William B. Ransford Professor of English and Comparative Literature and African-American Studies
It’s fed my creativity, it’s fed my activism. It’s touched me in ways that I did not expect to be touched. Essence did a first-ever special issue on Black Lives Matter. There was no model on the cover. It was a black on black cover with Black Lives Matter, just the graphics. They asked me to write a piece, along with many other people. I had to write about this generation. Those that I teach are very privileged, but even those who weren’t privileged, those who had been written off and put in the worst schools, abandoned in their schools and their communities—talked about, because their pants sag, that this is what they’re up against. Just recently, in McKinney, Texas, we see how that officer treated those children. This is what they’re up against. But look at how they respond. I worry about them, I’m concerned with them. Those children in Ferguson were confronted by tanks. But they did that, and the rest of the country said, “Oh, maybe that’s not such a good idea.” Maybe we shouldn’t have that militarized police force. Or maybe there is a problem with mass incarceration. Or, at our own university, maybe we shouldn’t be investing in companies that invest in private prisons. It’s the students who are leading us. I’ve always believed that. As a young activist, I believed it too. It’s one thing to believe something in the abstract, theoretically, and it’s another thing to see it in action.

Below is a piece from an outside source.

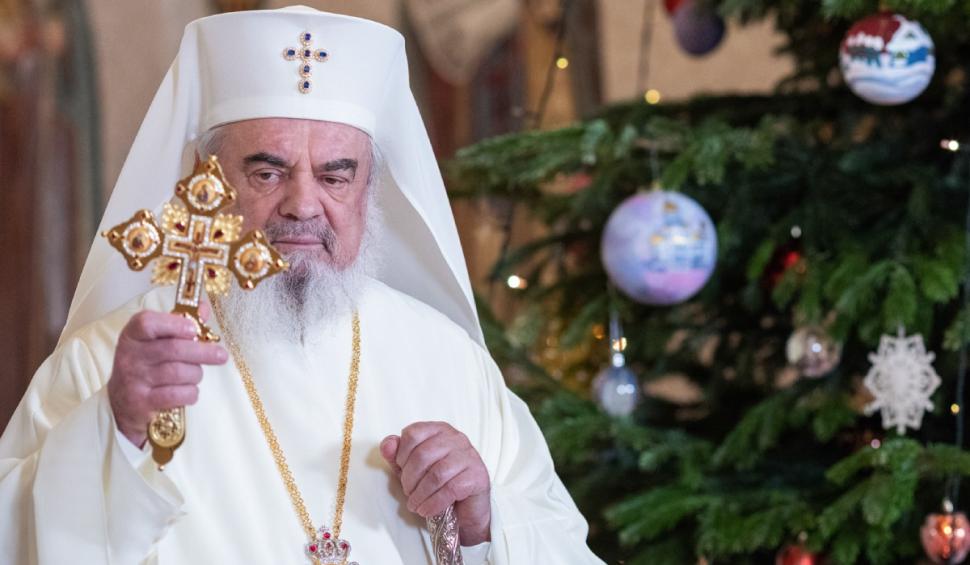 Patriarhul Daniel, cel mai bine plătit șef de cult din România | Salariul pe care îl încasează conducătorul Bisericii Ortodoxe Române  880053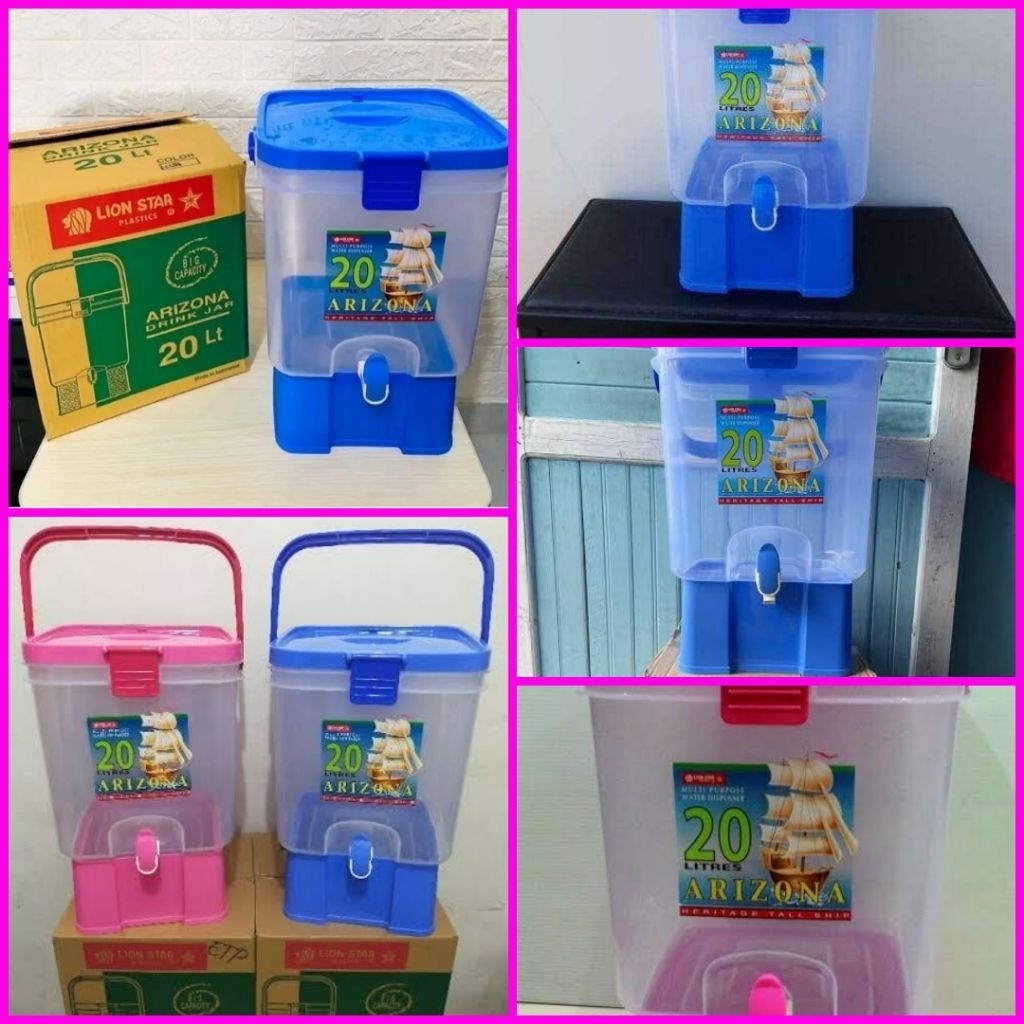 tempat air minum dispenser air minum Arizona Drink Jar 20 Liter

Q: Right. So not only talking about recovery, but regeneration.
Yes, right. And knowing the importance of history to that regeneration. So many of these young people are young people who are organizing and responding because they also know the history. They’ve studied it. They know how their world is different from the one they’ve read about, but they also have learned from what’s come before. It’s the best—it’s the way it’s supposed to work.